▶ **AIM OF THE EXERCISE**: Please set down the data again exactly, minus the pictures.

▶ **COLLECTED MATERIAL**:
□ □ □
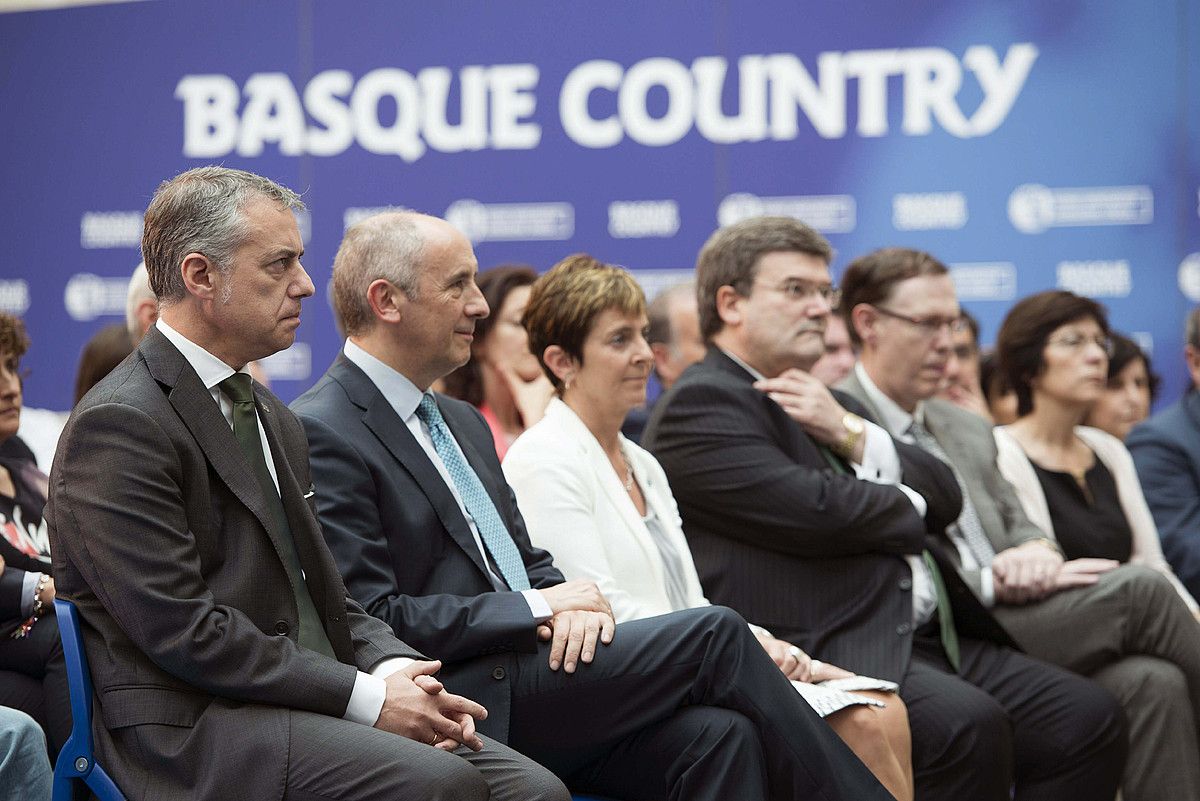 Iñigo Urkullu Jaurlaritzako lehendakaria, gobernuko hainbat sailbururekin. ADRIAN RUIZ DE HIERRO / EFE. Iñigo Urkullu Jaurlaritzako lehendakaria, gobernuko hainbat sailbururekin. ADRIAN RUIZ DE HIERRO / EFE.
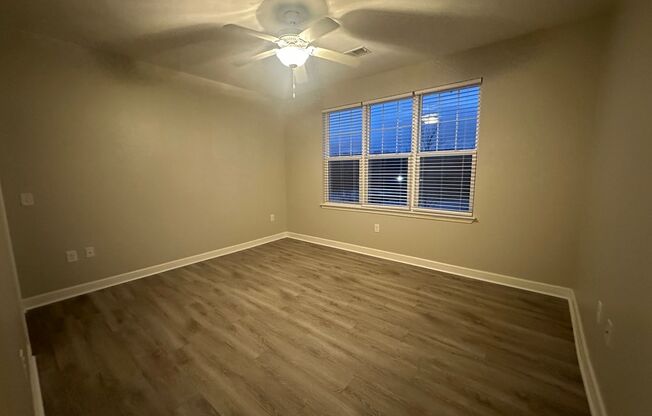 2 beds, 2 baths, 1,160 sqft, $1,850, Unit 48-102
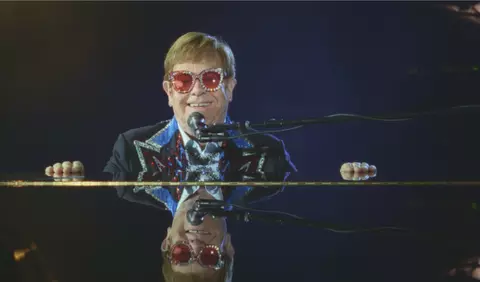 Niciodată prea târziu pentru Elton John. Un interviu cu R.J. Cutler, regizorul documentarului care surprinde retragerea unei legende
□ □ □
▶ **EXERCISE RESPONSE**:
 Iñigo Urkullu Jaurlaritzako lehendakaria, gobernuko hainbat sailbururekin. ADRIAN RUIZ DE HIERRO / EFE. Iñigo Urkullu Jaurlaritzako lehendakaria, gobernuko hainbat sailbururekin. ADRIAN RUIZ DE HIERRO / EFE.
 2 beds, 2 baths, 1,160 sqft, $1,850, Unit 48-102
 Niciodată prea târziu pentru Elton John. Un interviu cu R.J. Cutler, regizorul documentarului care surprinde retragerea unei legende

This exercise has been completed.